Corriere della Sera - La Lettura
Giovanni Gentile fu erede di Hegel E Gramsci lo seguì su quella via
Sono passati più di trent’anni (era il 1989) dall’uscita del libro di Salvatore Natoli Gentile filosofo europeo (Bollati Boringhieri) e, per quanto il filosofo dell’«idealismo attuale» sia stato rivalutato, nei suoi riguardi il pregiudizio resta più forte del giudizio. La storiografia filosofica ha da un lato estromesso il pensiero di Gentile dalla cultura italiana e dall’altro gli ha mosso l’accusa di provincialismo. Tuttavia l’opera del filosofo, che legò il proprio nome al regime di Mussolini, ha attraversato come un fiume carsico tutto il Novecento, tanto che alla fine del secolo Augusto Del Noce disse che la caduta di interesse per Gramsci era dovuta al fatto che ci si era resi conto che il pensatore sardo riteneva di aver raggiunto la vera filosofia della prassi di Marx partendo da Croce e, invece, altro non aveva fatto che raggiungere «la filosofia della prassi di Gentile, intendendola in senso rivoluzionario». Evidentemente, o il pensiero di Gentile non è provinciale o la sua provincia è molto più vasta di quanto
non s’immagini. Ecco perché risulta istruttiva la lettura del libro di Guglielmo Gallino: Giovanni Gentile. L’apologia del
pensiero (Le Lettere, 2018).
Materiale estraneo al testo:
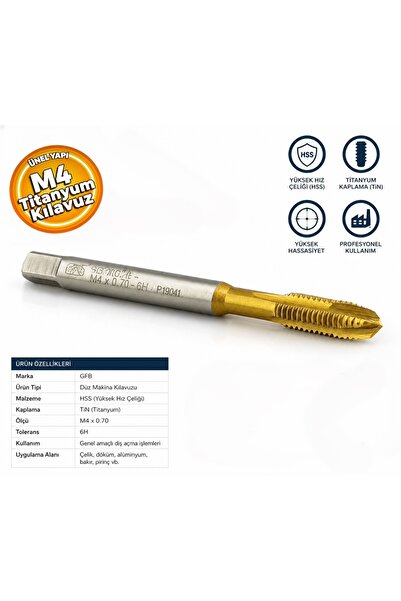GFB Titanyum Hss Düz Makina Kılavuzu Ucu M-4 x 0,7 mm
Un testo che mette in rilievo la grandezza del pensiero di Gentile — compreso il dramma della indistinzione tra pensiero e azione, tipico di ogni filosofia della prassi — in un confronto con Hegel e Aristotele, Kant e Husserl, i Greci e i moderni e, ovviamente, Benedetto Croce. Nell’opera di Gentile si esprime il valore centrale della filosofia moderna: il pensiero. Diceva Hegel nella Fenomenologia: «Nel pensare Io sono libero». Gentile ha realizzato o, meglio, attualizzato il programma di Hegel. Errori compresi.